A 100% accurate ai powered solution would have many customers.
But can this generation of llms produce 100% accuracy?
it's all about friction. why spend minutes writing a query when you can spend 5 seconds speaking the result you want and get 90-100% of the way there.
But honestly, most queries I’ve ever seen are just simple joins, which shouldn’t take you 5 minutes to write.
This is the fundamental problem when attempting to use "GenAI" to make program code, SQL or otherwise. All one would have to do is substitute SQL with language/library of choice above and it would be just as applicable.

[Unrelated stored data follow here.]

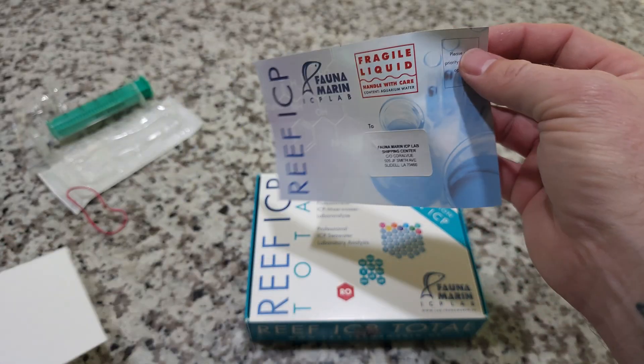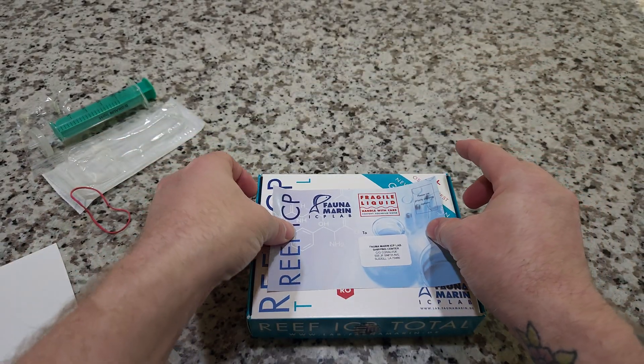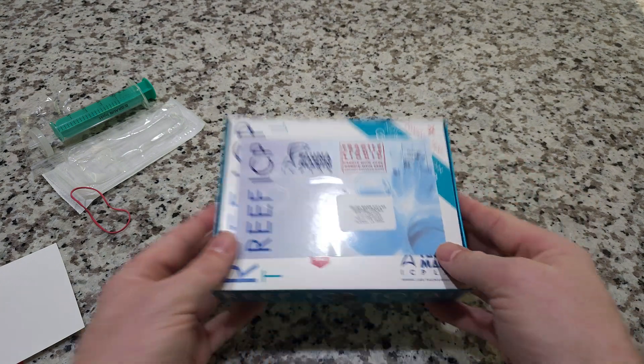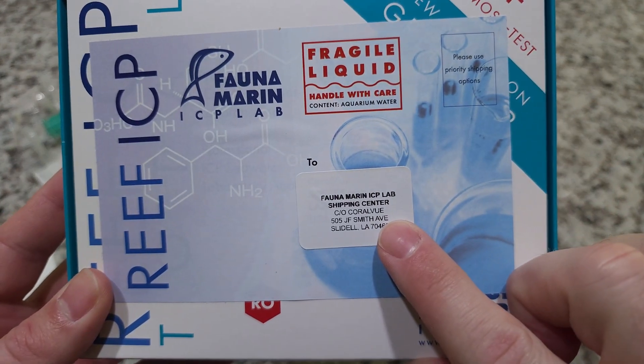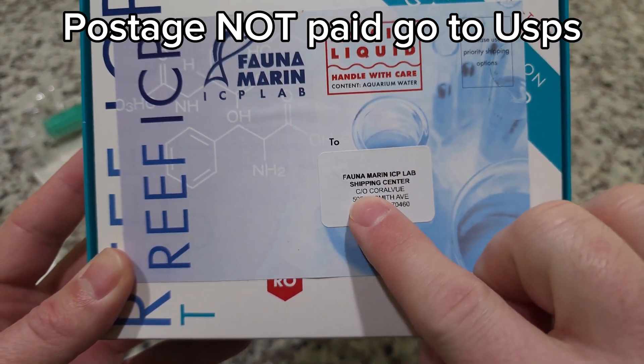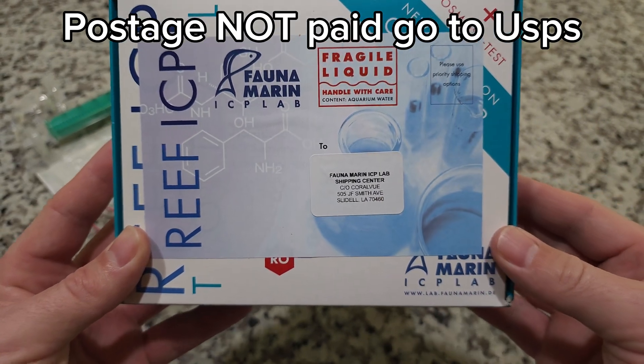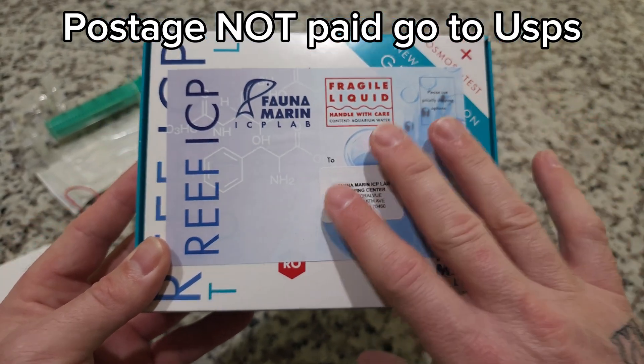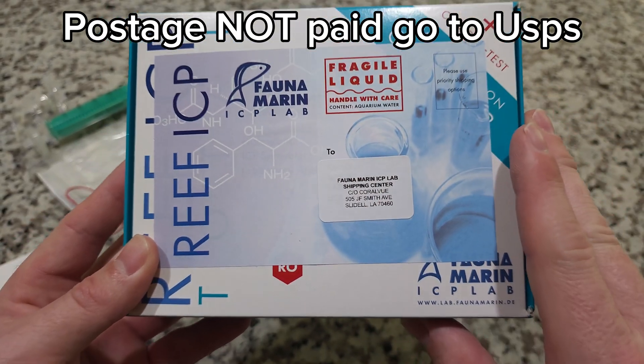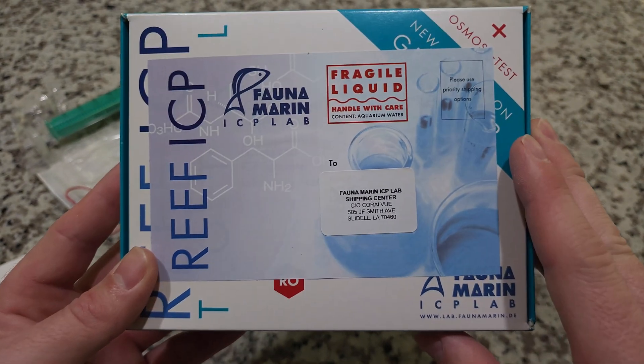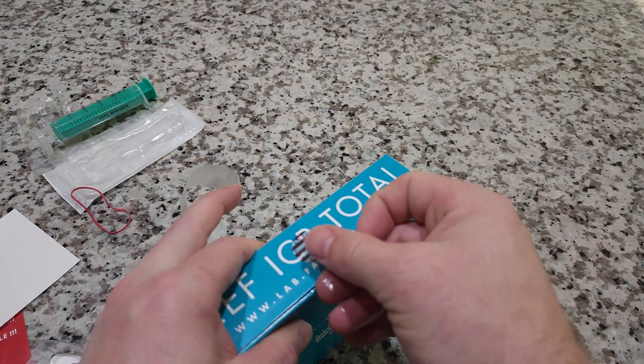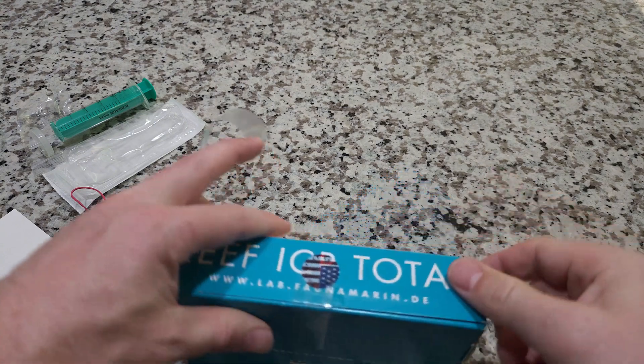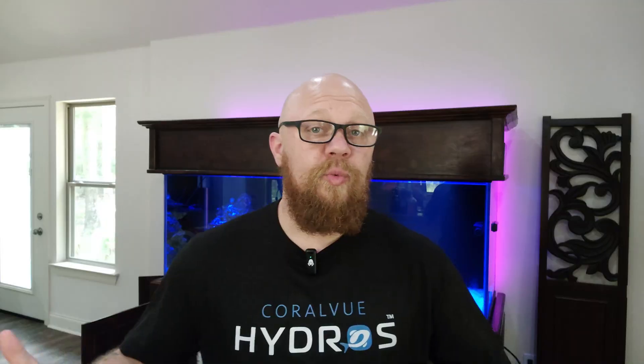Let's peel this off, stick this label right to the front. As you can see it already has the address of the local place where this needs to be shipped. Fauna Marine ships these off to Germany three times a week so you're actually going to get your results back pretty fast. Don't forget to pop a quick piece of tape on for good measure.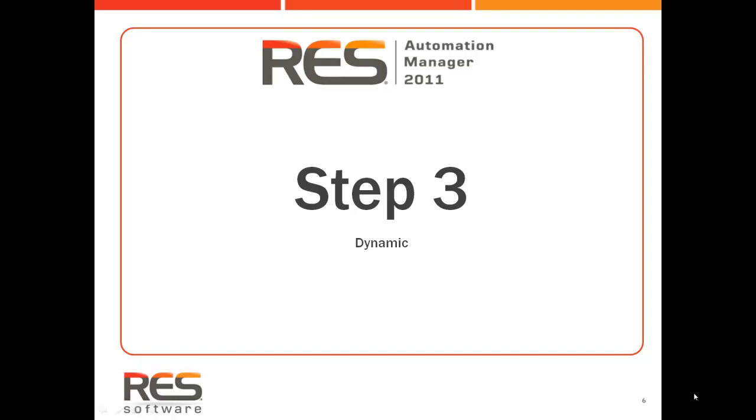Welcome back to the final video in the series on how to relieve IT stress and do more with less by implementing automation in your existing environment.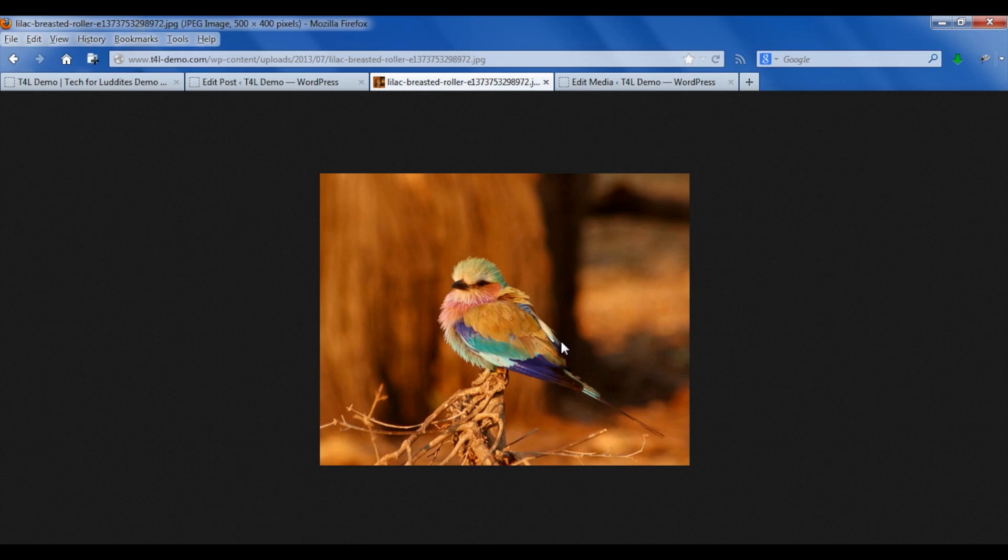If there's any way that you can resize the image before you upload it, using something like Photoshop or taking a smaller picture to begin with with your camera settings if you know you're going to put them on your blog, that's the ideal situation. But at least for the time being we now have the smaller image that we can work with.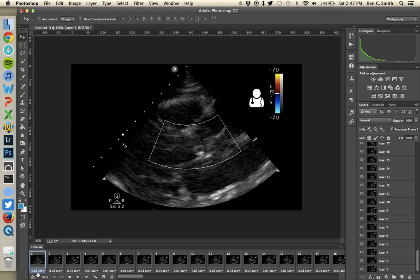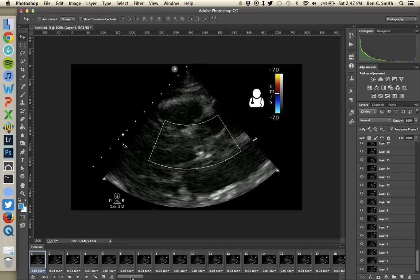Underneath each frame is a time value — that's how long that frame will be displayed in the GIF. This is a 30 frames-per-second ultrasound clip, which is a pretty standard frame rate, especially with color on. If you have a high-end machine, you may get 60 frames per second or higher, and you need to make sure the time is appropriate. For 30 fps, 0.03 seconds is the right time per frame — just do the division: one divided by the frame rate.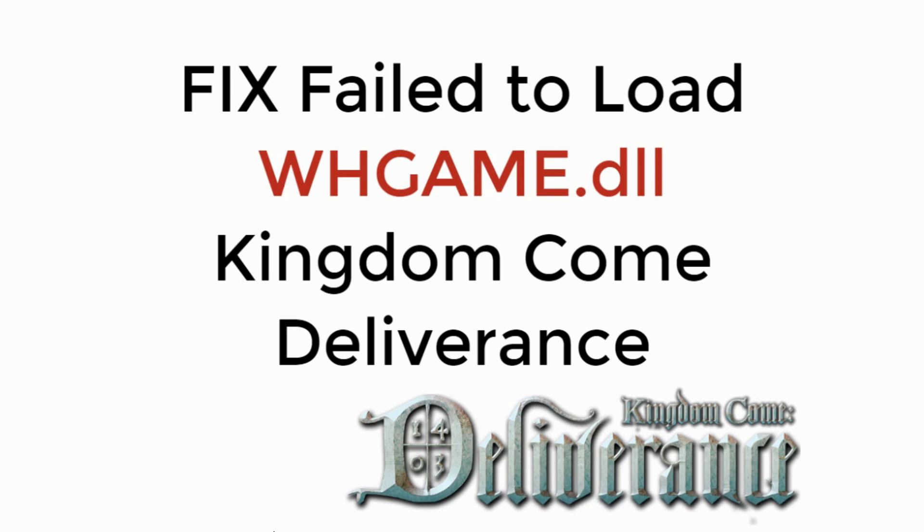In this video we will learn to fix fail to load whgame.dll in Kingdom Come Deliverance. So let's begin.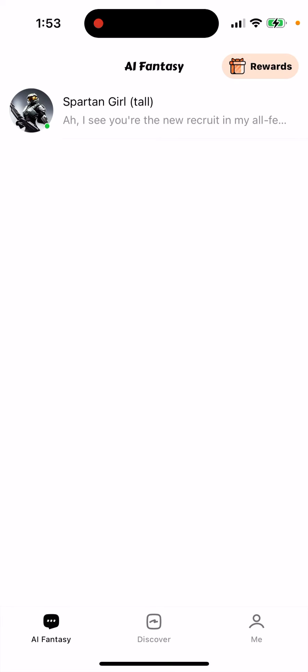That's how you create your chatbot in the AI Fantasy app, which is one of the alternatives to Character AI and the Otocky app.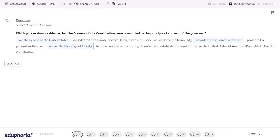Hot text items allow students to demonstrate understanding by selecting highlighted text in a sentence, paragraph, or extended reading.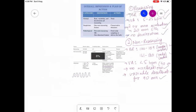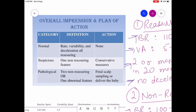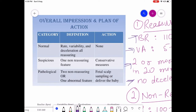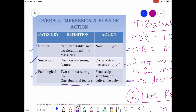The overall impression categorizes the CTG as normal, suspicious, or pathological. Normal means all features are reassuring — no action needed. Suspicious means one non-reassuring feature is present — take conservative measures. Pathological means two non-reassuring features or one abnormal feature — action required, either fetal scalp sampling or delivery of the baby.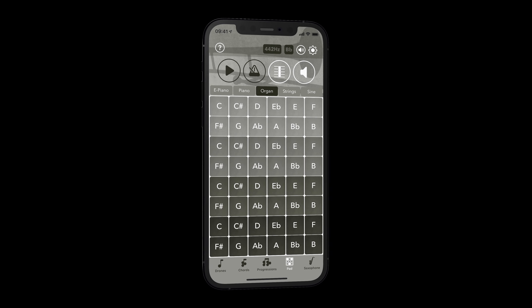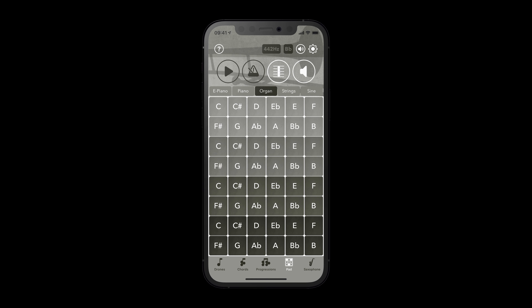Welcome to the next quick tip for iPractice Pro. Did you know that you can use the pad section if you just want to have a metronome without any additional drones, chords or progressions?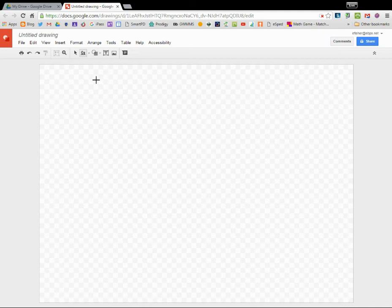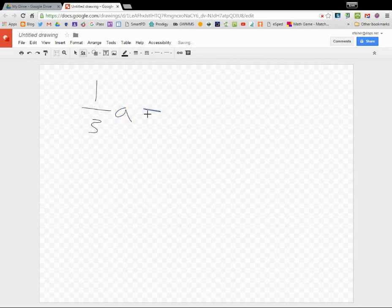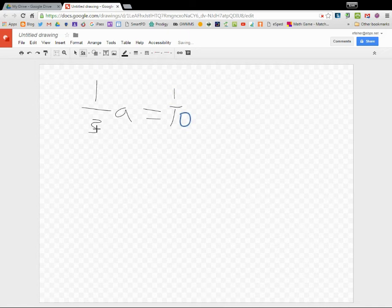If you are doing fraction equations, you have to look at your fraction. Let's say I had one-third A equals one-tenth. Well, technically this is multiplication.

Good for you. Some of us deal with more complex queries, even if it may not seems so from the outside. For example getting hierarchical data based on parent_id, while having non-trivial conditions for the parents and the children or product search queries which need to use trigram functions with some ranking, depending on product availability across stores and user preferences.
I agree knowing SQL is still useful, but more for double checking the queries from LLMs than for trying to build queries yourself.
So, an adjacency list (probably, though there are many alternatives, which are usually better). That’s not complex, that’s a self-join.
> trigram functions
That’s an indexing decision, not a query. It’s also usually a waste: if you’re doing something like looking up a user by email or name, and you don’t want case sensitivity to wreck your plan, then use a case-insensitive collation for that column.
> I agree knowing SQL is still useful, but more for double checking the queries from LLMs
“I agree knowing Python / TypeScript / Golang is still useful, but more for double checking the queries from LLMs.” This sounds utterly absurd, because it is. Why SQL is seen as a nice-to-have instead of its reality - the beating heart of every company - is beyond me.
What is the current support for OpenAI proxy or non-GPT models?
For example, using locally deployed Qwen models or LLaMA models.
Pardon my technical ignorance, but what exactly is OpenAI's API being used for in this?
https://github.com/NickTikhonov/snap-ql/blob/main/src/main/l...
[0]: https://github.com/NickTikhonov/snap-ql/blob/409e937fa330deb...
[1]: https://github.com/vercel/ai
Side note: I don't see a license anywhere, so technically it isn't open source.
I wish you luck in refining your differentiation.
> I wish you luck in refining your differentiation. Can't agree more with you. It's about distribution (which Snowflake/Databricks/... have) or differentiation.
Still, chatting with your data is already working and useful for lots.